Proposal for background vacuum full/cluster

From: "Jim C(dot) Nasby" <decibel(at)decibel(dot)org>
To: pgsql-hackers(at)postgresql(dot)org
Subject: Proposal for background vacuum full/cluster
Date: 2005-04-20 22:05:56
Message-ID: 20050420220556.GU58835@decibel.org
Views: Raw Message | Whole Thread | Download mbox | Resend email
Thread:
Lists: pgsql-hackers

I talked to a few people on IRC about this and they didn't think I was
nuts, so maybe this is something practical...

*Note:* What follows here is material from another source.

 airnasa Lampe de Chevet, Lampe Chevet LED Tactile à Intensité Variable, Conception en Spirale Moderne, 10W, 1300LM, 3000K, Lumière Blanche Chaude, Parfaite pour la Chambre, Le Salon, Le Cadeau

In a nutshell, my idea is to use the normal transactional/XID code to
relocate tuples in the heap. Think of doing an UPDATE field=field if you
could tell update what page to put the new tuple on. Using this
mechanism, you can move tuples from the end of the heap to pages that
have free space on them. The dead tuples at the end of the heap could
then be vacuumed conventionally, and completely empty pages removed by
that vacuum.

Of course, it's not quite that simple. For starters, you'd want to do a
conventional vacuum before this, both to free as much space as possible
and to update the FSM. It might also be necessary to prevent backends
from using the pages at the end of the heap (which you're trying to
empty). I'm guessing that could be done just by removing the pages from
the FSM. You'd also need to vacuum after emptying these pages to reclaim
the disk space. To facilitate these things, it might be useful to be
able to vacuum parts of the heap. So as pages are emptied at the end of
the heap, they can be vacuumed and reclaimed while the pages are still
probably in cache (and without requiring a re-vacuum of the entire
table).

Taking this technique one step further, it should also be possible to
cluster in the background without blocking everything. One way to do
this would be to empty the first page in the heap by moving it's tuples
elsewhere, and vacuuming that page (but not putting it in the FSM). Once
that page is available, you can start reading in from the clustering
index and moving those tuples to the first page.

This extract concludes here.